Supreme Court Rules That US Must Pay Insurers $12 Billion for Obamacare Losses
Health Care

Supreme Court Rules That US Must Pay Insurers $12 Billion for Obamacare Losses

MIKE BLAKE

The Supreme Court ruled 8-1 Monday that a group of insurance companies is owed $12 billion under provisions of the Affordable Care Act. The decision requires the government to make payments that were promised to insurers in the first years of the ACA but were held up by Congress amidst the political battle over Obamacare.

Writing for the majority, Associate Justice Sonia Sotomayor said that the decision is based on the basic idea that the “Government should honor its obligations.” The sole dissenting vote came from conservative Justice Samuel Alito, who said that the ruling “has the effect of providing a massive bailout for insurance companies that took a calculated risk and lost.”

The background: To encourage private insurers to participate in Obamacare as it got off the ground in 2014, the ACA established a “risk corridor” program designed to smooth out profits and losses for the first three years. Health insurance providers that earned higher-than-expected profits would pay some of their gains to the government, while insurers that lost money because they set premiums too low would be compensated, thereby eliminating the risk of large unforeseen losses.

But Republicans in Congress successfully undermined the risk corridor program by attaching riders to appropriations bills from 2014 through 2016 that prevented the federal government from making payments to insurance companies.
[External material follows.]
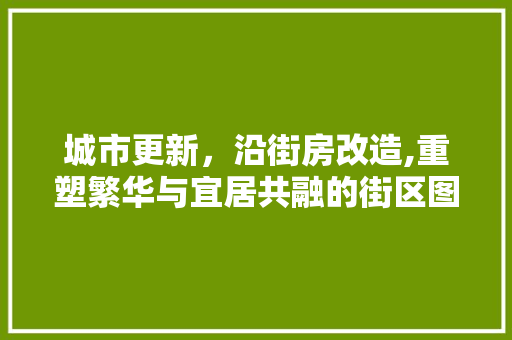 城市更新，沿街房改造,重塑繁华与宜居共融的街区图景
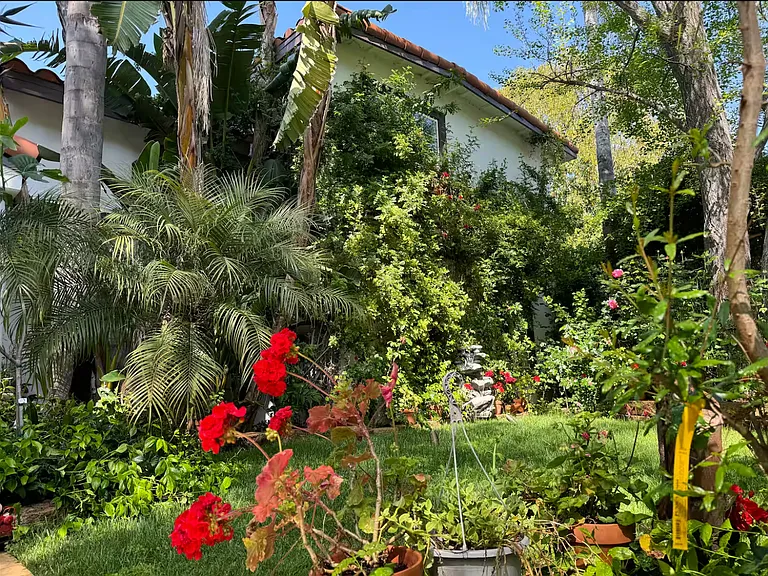 21001 Costanso St — Photo 10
Health insurers sued to recover the funds they said there were owed, resulting in the case, “Maine Community Health Options v. United States,” that was decided Monday.

What it means: The ruling is “a vindication of the ACA's original structure,” says Larry Levitt of the Kaiser Family Foundation. Even so, the funds will be paid too late to achieve one of their primary purposes. “It’s compensating insurers for money that they were supposed to get several years ago,” Levitt told The New York Times. “If the money had been paid out when it was supposed to, it would have stabilized the A.C.A. financially and politically.”

The ruling may also shed light on how the court will approach a separate case that represents a major threat to the Affordable Care Act, says Vox’s Ian Milhiser. In the fall, the court will take up California v. Texas, a lawsuit backed by the Trump administration that seeks to invalidate the health care law in its entirety. “If the justices approach the California case with the same wholly legal approach they took in the Maine Community case,” says Milhiser, “this latest attack on Obamacare will also be rejected by a lopsided vote.”